- _Work instruction_
Lines from the one containing "Snapshot of leannabbyy" through the last line of the data are to be returned exactly, both ends included, minus any pictures.

- _Available data_

=== Begin Enclosure ===

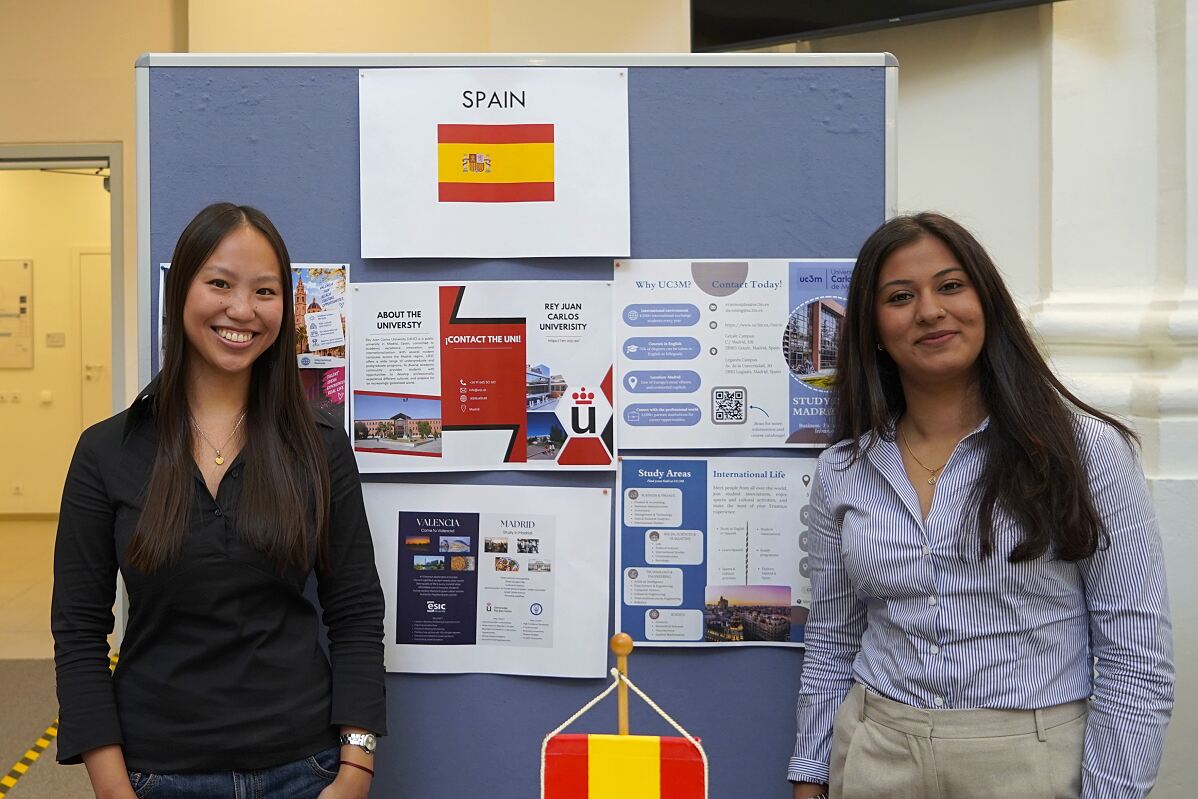 Almudena Haihui und Riya Sukhani 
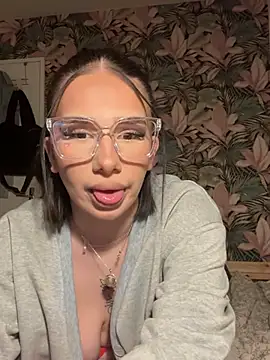 Snapshot of leannabbyy chatting on February 6, 8:34 pm leannabbyy online show from February 6, 8:34 pm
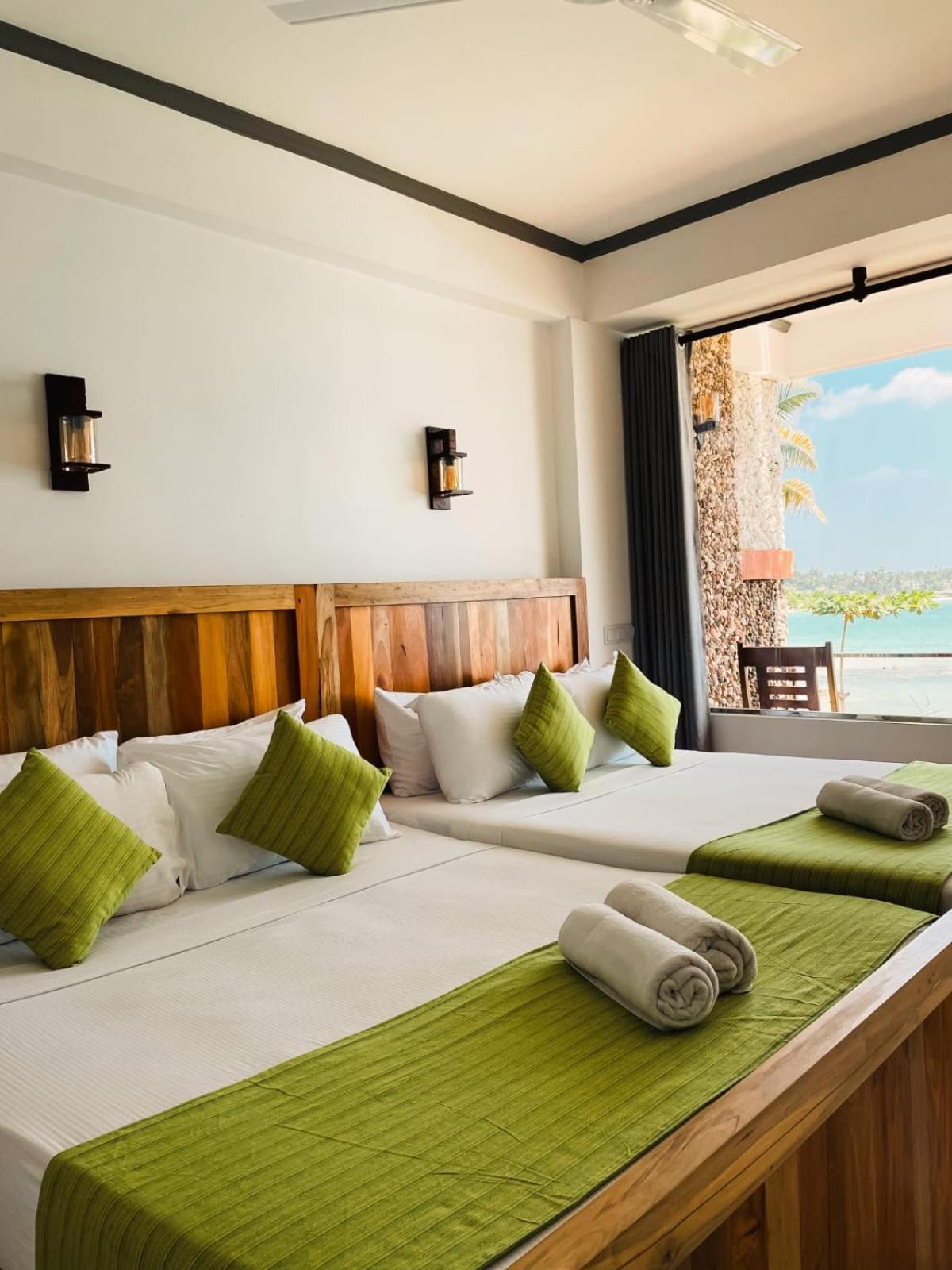 Coral Beach Hotel Mirissa Ngoại thất bức ảnh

=== End Enclosure ===

- _Output for this task_
 Snapshot of leannabbyy chatting on February 6, 8:34 pm leannabbyy online show from February 6, 8:34 pm
 Coral Beach Hotel Mirissa Ngoại thất bức ảnh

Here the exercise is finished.